START Data listing

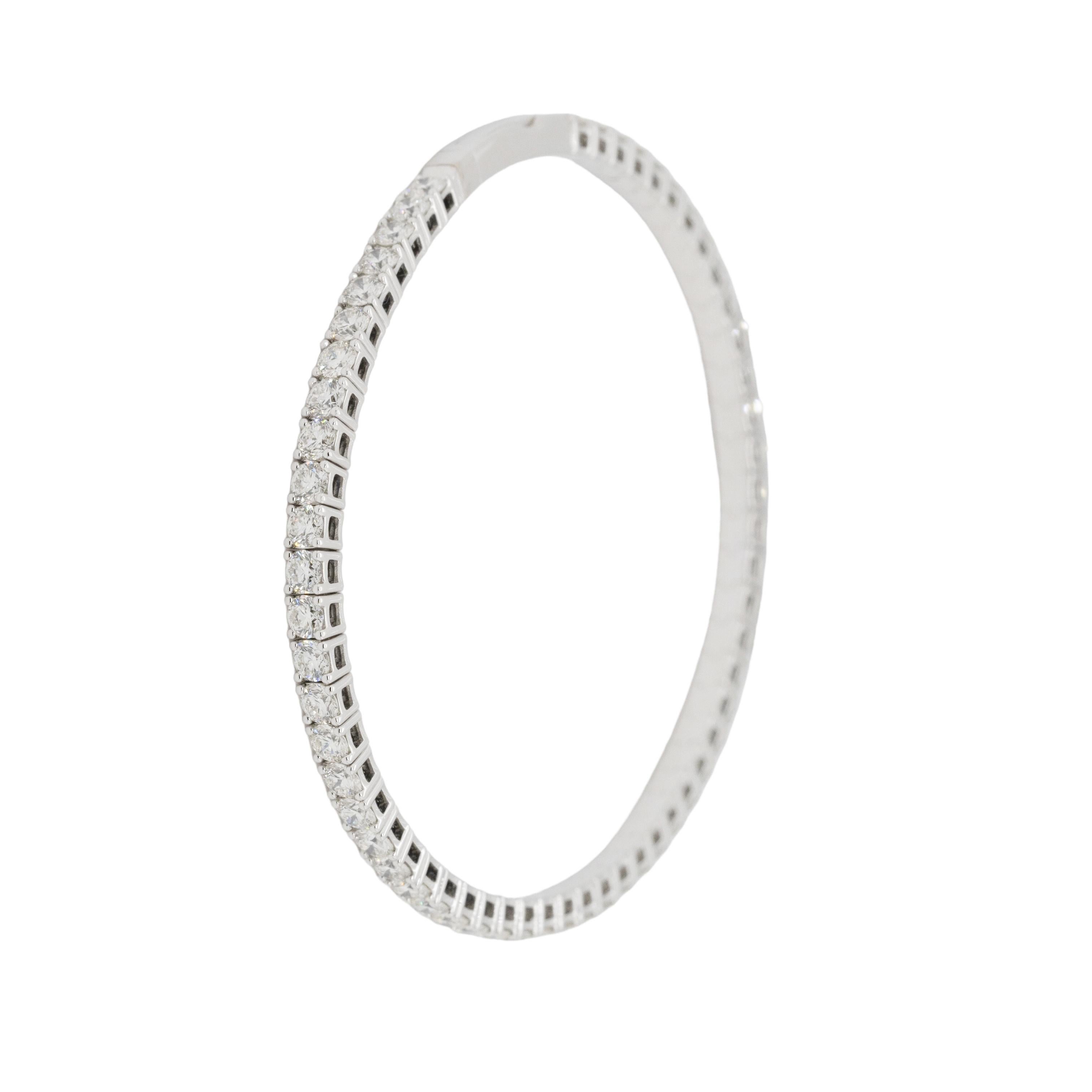 Bracelet jonc tennis extensible en or blanc 14 carats avec diamants naturels de 4,75 carats en vente 4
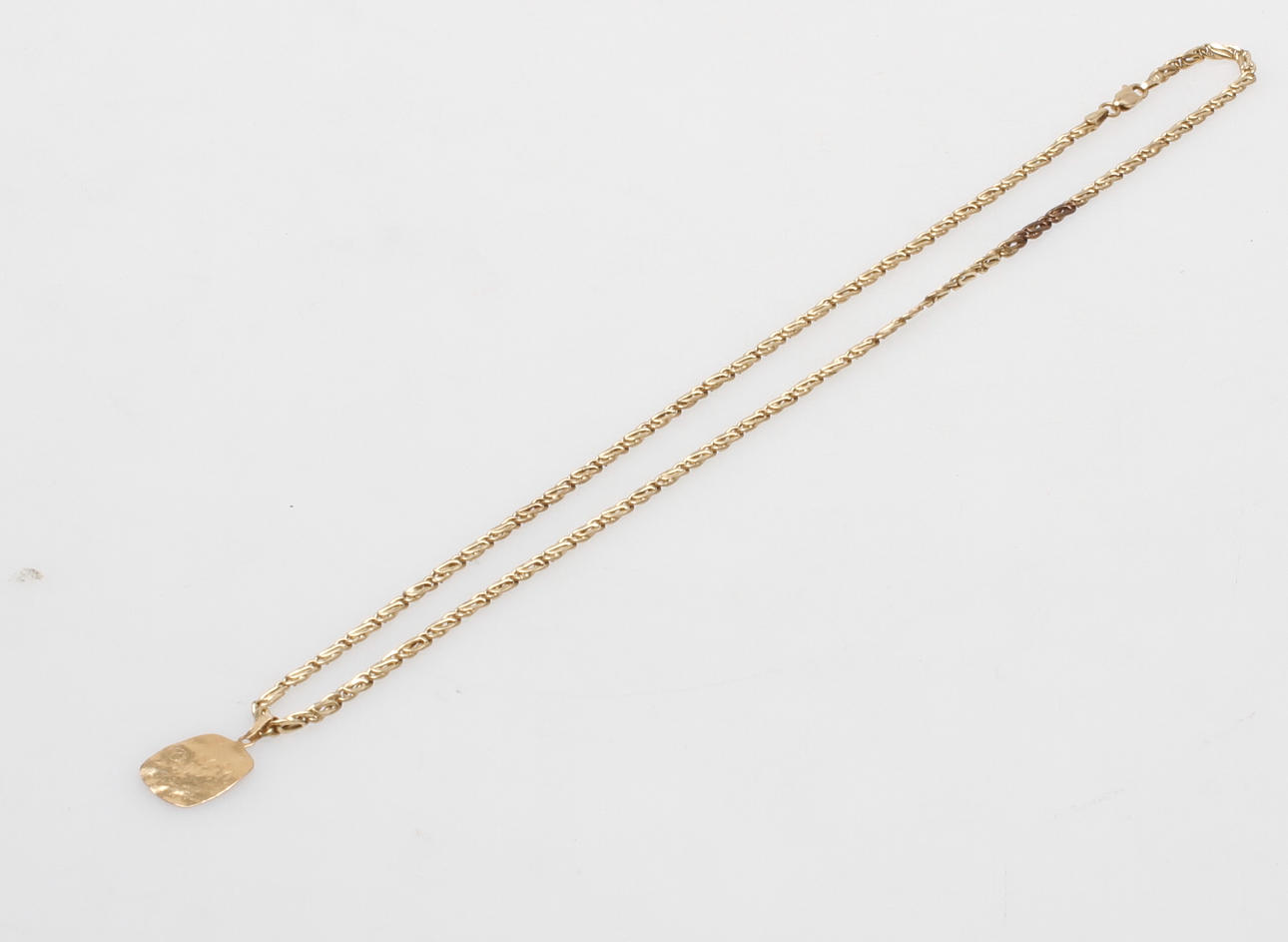 HALSKEDJA 14k guld samt HÄNGE 18k guld, total vikt 8,9 gr.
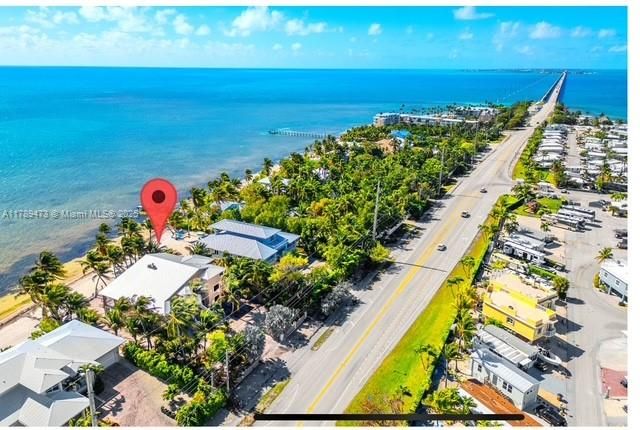 Vendido Recientemente: $5,245,000 (7 camas, 6 baños, 7941 Pies cuadrados)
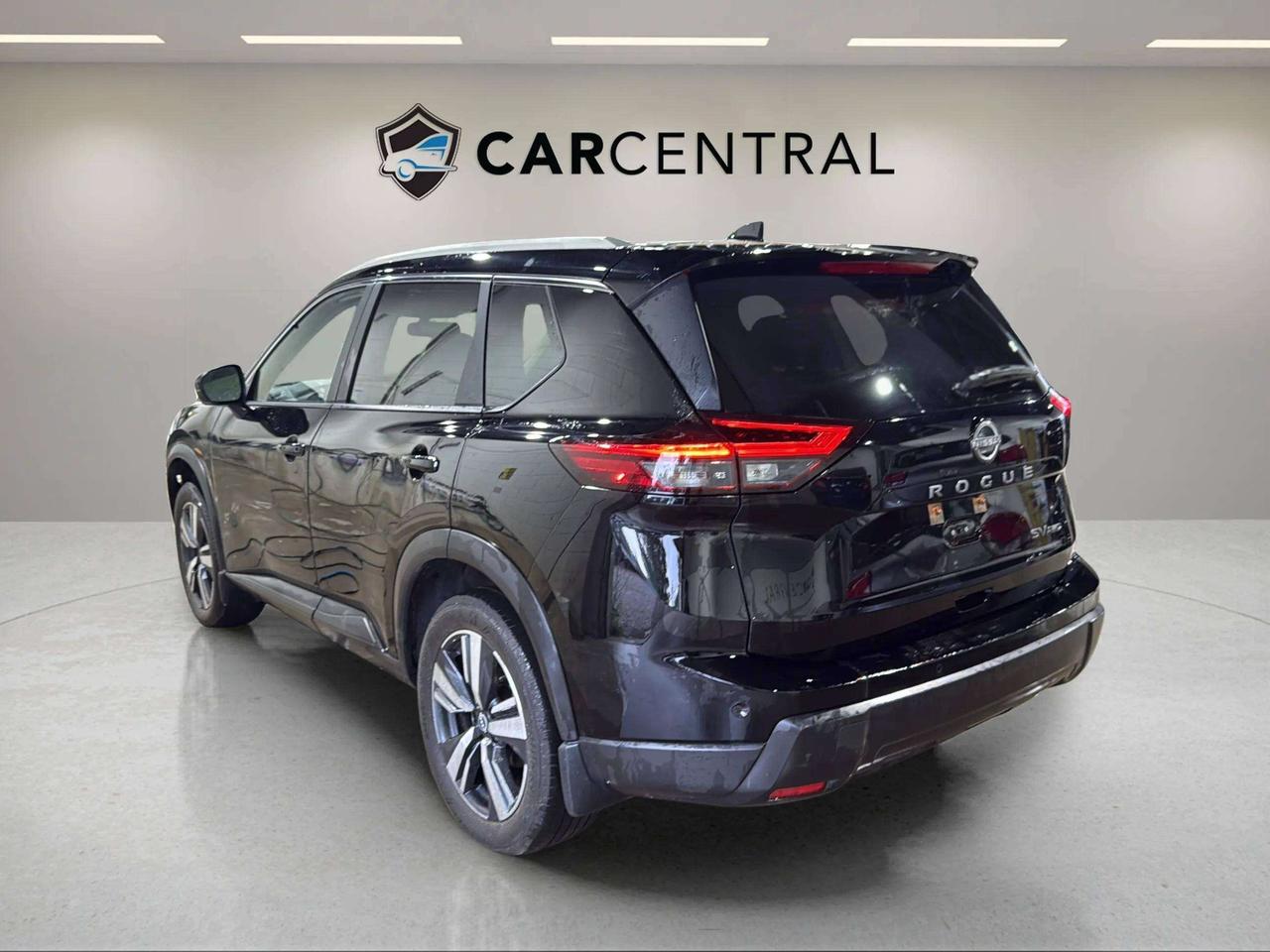 2024 Nissan Rogue SV PREMIUM| CLEAN CARFAX |360 | PANO | PRO PILOT Photo
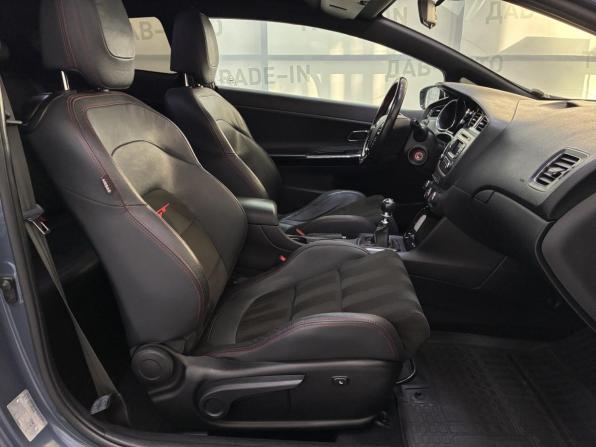 Kia Ceed GT I с пробегом 2014 года, цена 1 060 000 рублей, 143000 км, хэтчбек, Автокод Объявления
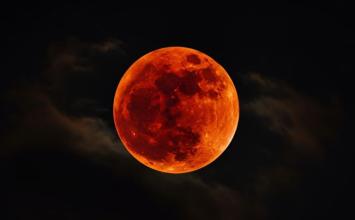 Eclipse lunar parcial será visível em todo o Brasil nesta semana; veja quando observar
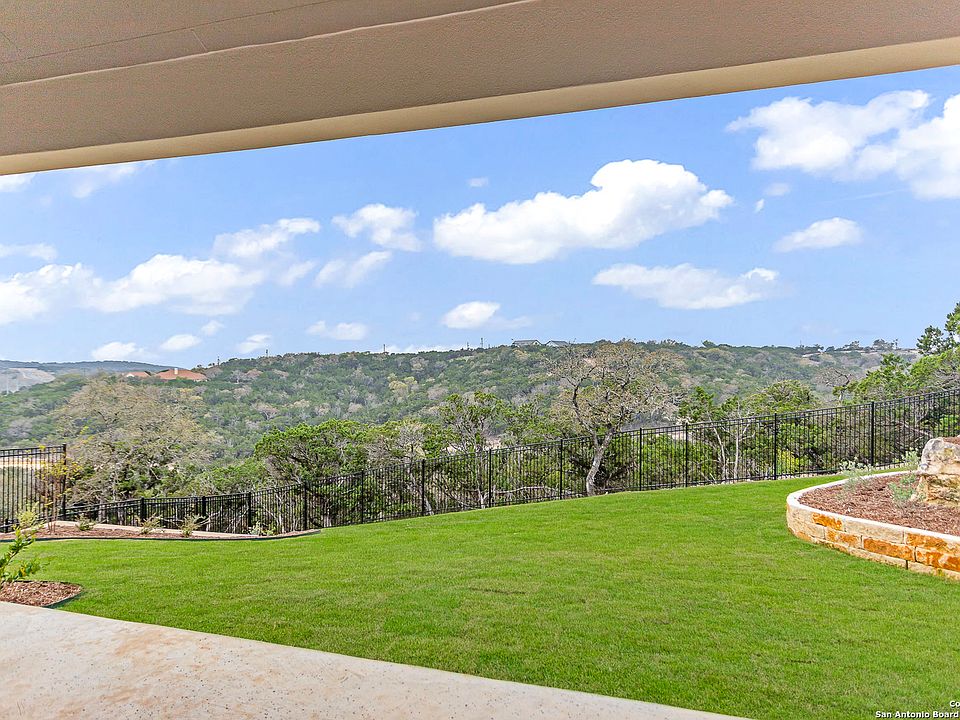 2nd image of 72 MONARCA BLVD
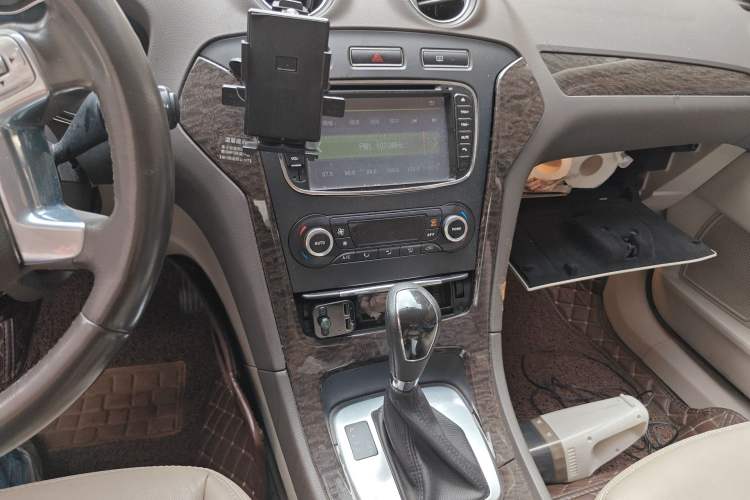 Used Ford Mondeo 2011 2.0L GTDi 200 Fashion Edition Audio And AC Panel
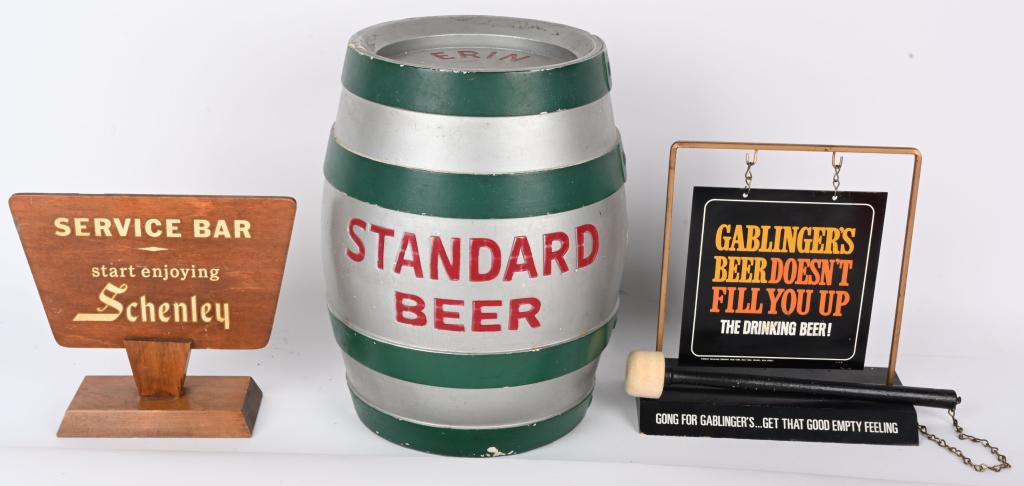 LOT OF LIQUOR & BEER ADVERTISING ITEMS (1 of 2)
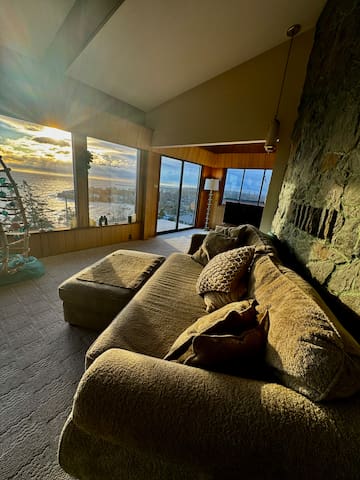 Entire Retreat- 4 beds 2 Bath, Kitchen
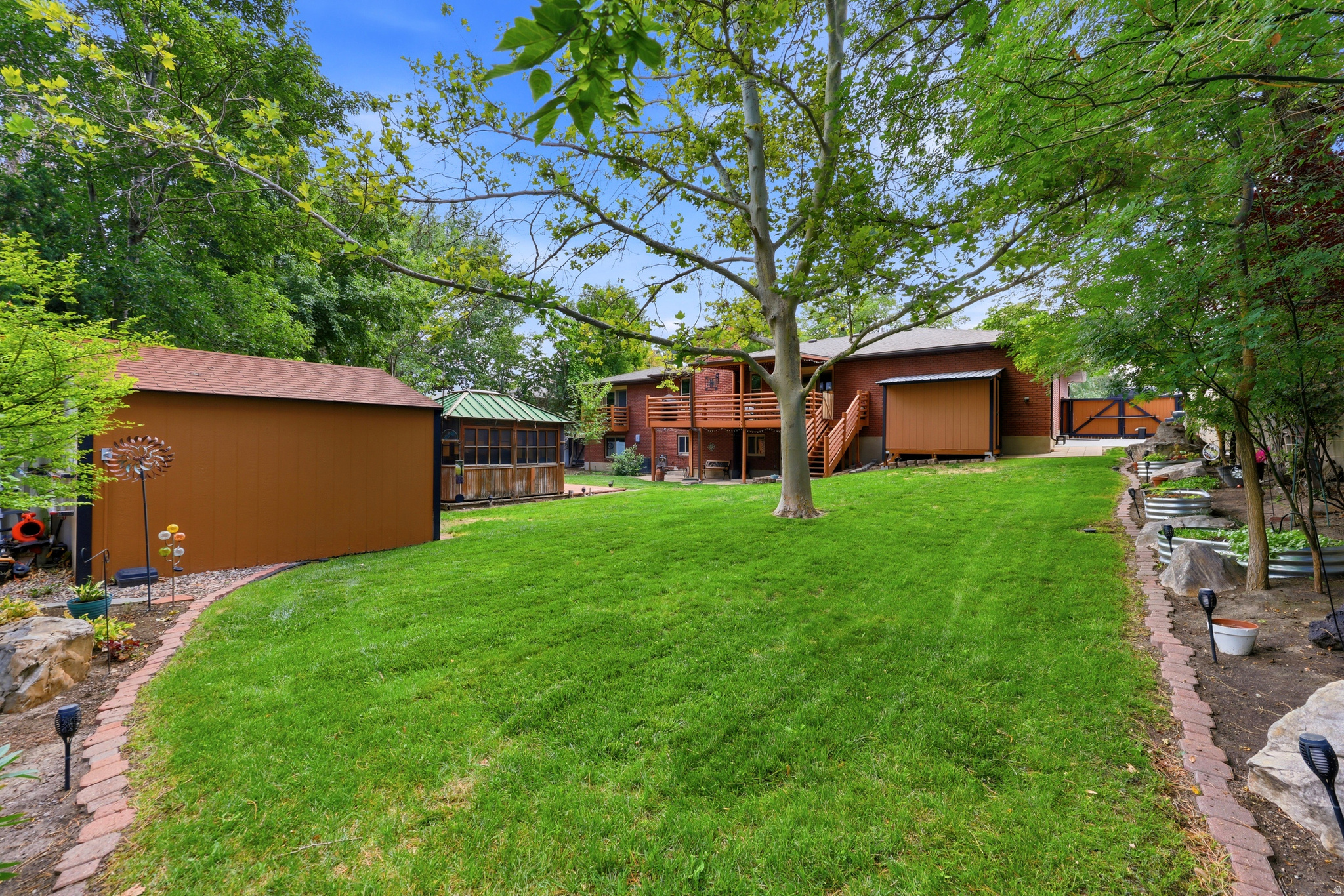 main property photo 47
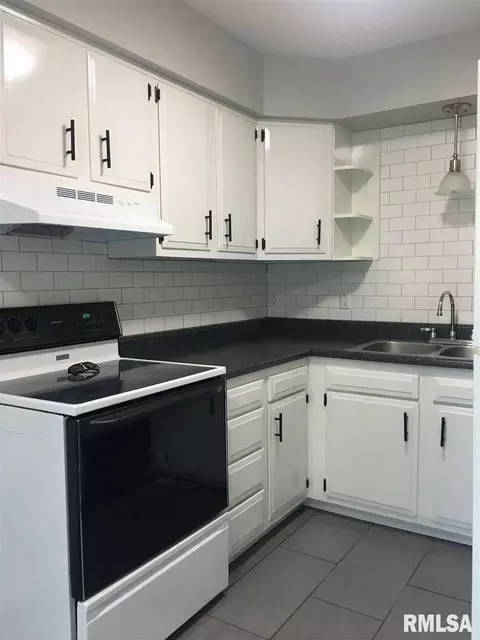 345 Jamestown Rd, Macomb, IL 61455 photo 6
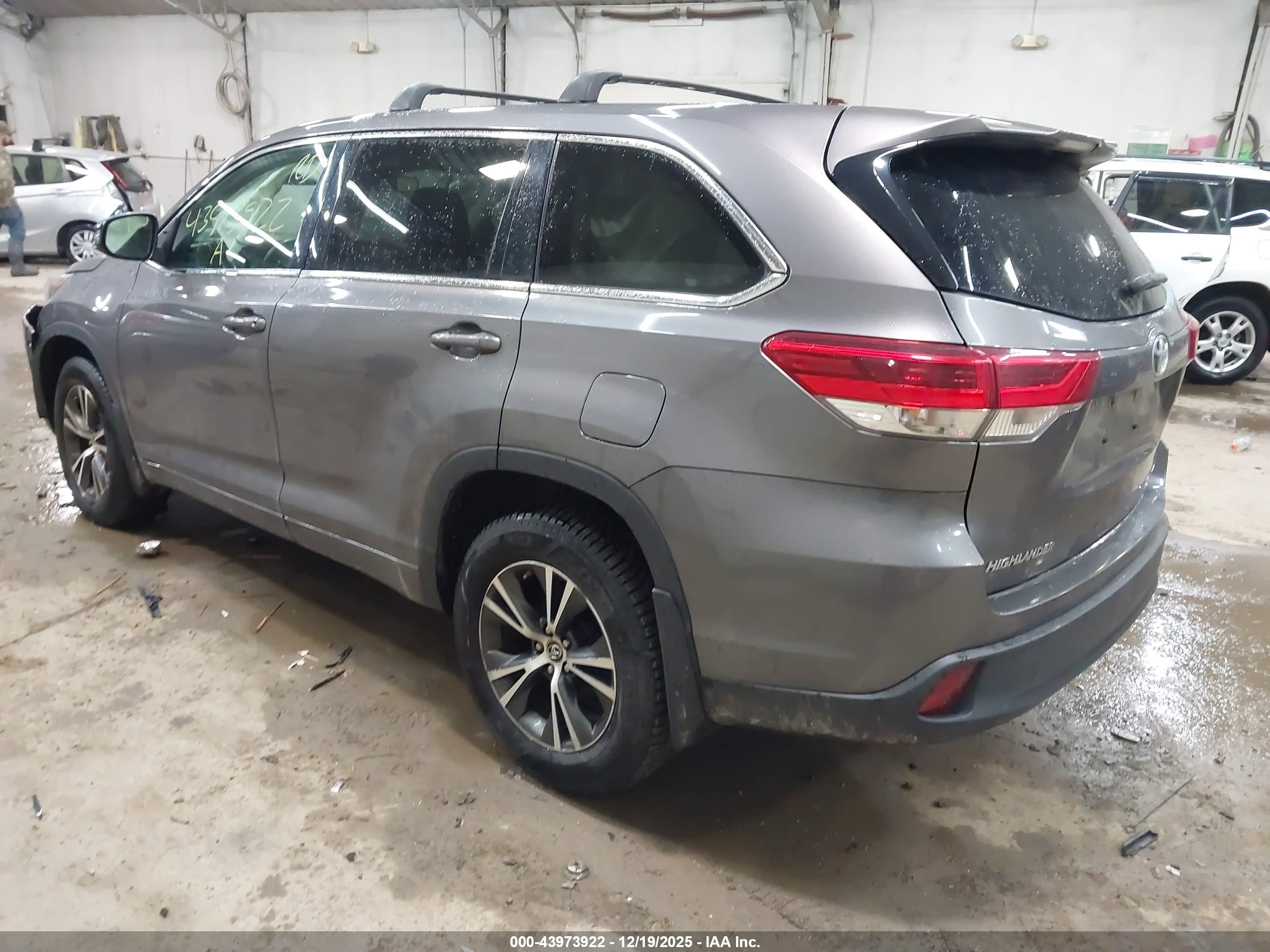 TOYOTA HIGHLANDER image 3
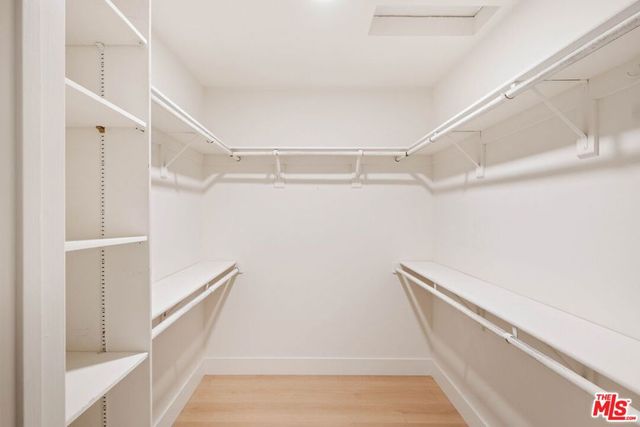 23153 Canzonet Street, Woodland Hills, CA 91367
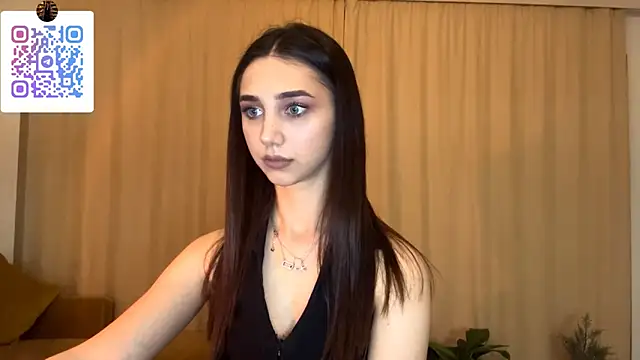 Snapshot of LinaMour chatting on February 17, 2026, 10:38 pm LinaMour online show from February 17, 2026, 10:38 pm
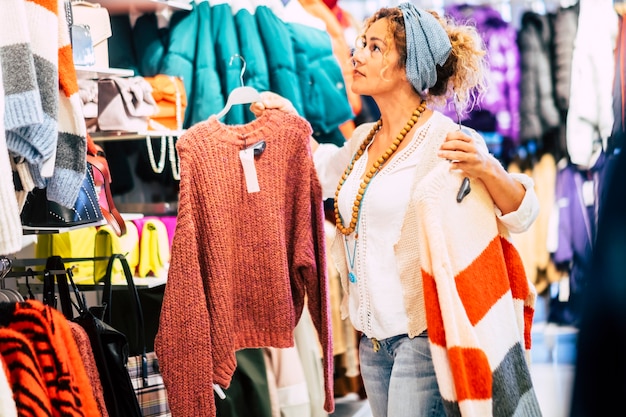 Les gens font leurs courses au magasin de vêtements dans le centre commercial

END Data listing

▶ **Work request**:
With the pictures left out, return the listing above exactly as it stands.

▶ **Finished task**:
 Bracelet jonc tennis extensible en or blanc 14 carats avec diamants naturels de 4,75 carats en vente 4
 HALSKEDJA 14k guld samt HÄNGE 18k guld, total vikt 8,9 gr.
 Vendido Recientemente: $5,245,000 (7 camas, 6 baños, 7941 Pies cuadrados)
 2024 Nissan Rogue SV PREMIUM| CLEAN CARFAX |360 | PANO | PRO PILOT Photo
 Kia Ceed GT I с пробегом 2014 года, цена 1 060 000 рублей, 143000 км, хэтчбек, Автокод Объявления
 Eclipse lunar parcial será visível em todo o Brasil nesta semana; veja quando observar
 2nd image of 72 MONARCA BLVD
 Used Ford Mondeo 2011 2.0L GTDi 200 Fashion Edition Audio And AC Panel
 LOT OF LIQUOR & BEER ADVERTISING ITEMS (1 of 2)
 Entire Retreat- 4 beds 2 Bath, Kitchen
 main property photo 47
 345 Jamestown Rd, Macomb, IL 61455 photo 6
 TOYOTA HIGHLANDER image 3
 23153 Canzonet Street, Woodland Hills, CA 91367
 Snapshot of LinaMour chatting on February 17, 2026, 10:38 pm LinaMour online show from February 17, 2026, 10:38 pm
 Les gens font leurs courses au magasin de vêtements dans le centre commercial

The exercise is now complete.